Rossi worked in Madagascar for three years as a part of the Agricultural Food Security Advisory Section of the Peace Corps, until he recently joined the staff at BeLocal.

At this point, BeLocal has helped create four working production sites for the briquettes, all of which are on the outskirts of the Ranomofana National Park, which Stony Brook Professor Patricia Wright helped inaugurate in 1991.

The biochar briquettes solve several problems simultaneously. For starters, they reduce the amount of hardwood Malagasy residents chop down to provide fuel for cooking. The biochar briquettes are made from agricultural waste, such as corn husks and cobs, rice stalks, leaves, small sticks and even unusable waste from the production of traditional charcoal.

The briquettes also produce less smoke in the homes of the Malagasy. At this point, BeLocal doesn’t have any data to compare the particulates in the air from the briquettes.

One of the current briquette makers is generating about 2,000 of the circular fuel cells per month.

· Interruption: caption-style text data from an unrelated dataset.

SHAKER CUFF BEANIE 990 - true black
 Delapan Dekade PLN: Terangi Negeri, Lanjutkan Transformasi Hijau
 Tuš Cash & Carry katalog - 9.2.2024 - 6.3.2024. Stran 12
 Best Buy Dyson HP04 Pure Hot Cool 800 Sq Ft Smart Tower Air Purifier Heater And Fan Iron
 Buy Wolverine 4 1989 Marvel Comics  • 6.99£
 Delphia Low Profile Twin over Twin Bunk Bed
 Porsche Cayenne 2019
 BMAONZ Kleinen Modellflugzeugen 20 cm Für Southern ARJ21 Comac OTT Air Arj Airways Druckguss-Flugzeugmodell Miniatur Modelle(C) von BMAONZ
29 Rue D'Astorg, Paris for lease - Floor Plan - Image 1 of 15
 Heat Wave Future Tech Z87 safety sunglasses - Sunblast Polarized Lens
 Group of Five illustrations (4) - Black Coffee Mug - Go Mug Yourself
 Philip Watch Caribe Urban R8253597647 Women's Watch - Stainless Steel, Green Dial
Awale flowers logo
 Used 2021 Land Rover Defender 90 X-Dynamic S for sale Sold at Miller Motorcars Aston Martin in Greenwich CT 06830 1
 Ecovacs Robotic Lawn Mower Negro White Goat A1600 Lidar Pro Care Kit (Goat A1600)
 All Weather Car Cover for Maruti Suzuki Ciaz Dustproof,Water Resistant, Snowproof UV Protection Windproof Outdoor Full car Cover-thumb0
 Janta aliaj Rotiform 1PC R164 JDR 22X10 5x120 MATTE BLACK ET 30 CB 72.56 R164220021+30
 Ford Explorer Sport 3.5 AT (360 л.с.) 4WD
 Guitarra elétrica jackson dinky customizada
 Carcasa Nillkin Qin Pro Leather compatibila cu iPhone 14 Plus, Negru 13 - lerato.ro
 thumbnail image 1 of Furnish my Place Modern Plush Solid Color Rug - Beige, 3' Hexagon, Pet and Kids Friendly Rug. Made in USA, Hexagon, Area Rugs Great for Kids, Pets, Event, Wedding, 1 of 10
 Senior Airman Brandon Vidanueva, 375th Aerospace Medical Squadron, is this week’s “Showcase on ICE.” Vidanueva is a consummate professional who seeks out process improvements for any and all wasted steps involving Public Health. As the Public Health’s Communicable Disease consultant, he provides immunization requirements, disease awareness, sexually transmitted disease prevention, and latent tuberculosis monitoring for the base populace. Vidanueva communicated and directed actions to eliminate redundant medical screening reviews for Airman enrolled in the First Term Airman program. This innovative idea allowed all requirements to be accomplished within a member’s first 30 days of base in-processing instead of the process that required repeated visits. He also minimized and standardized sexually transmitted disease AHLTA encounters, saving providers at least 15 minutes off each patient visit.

As a start-up effort, this could help with several families in the villages. Nagel estimates that it takes about 12 briquettes to cook a meal for a family of four. The families need to learn how to stoke the briquettes, which are slightly different from the cooking process with the charcoal and hardwood.

Esmailzada and Rossi had planned to return to Madagascar in July, where they hoped to understand how people are using these sources of energy.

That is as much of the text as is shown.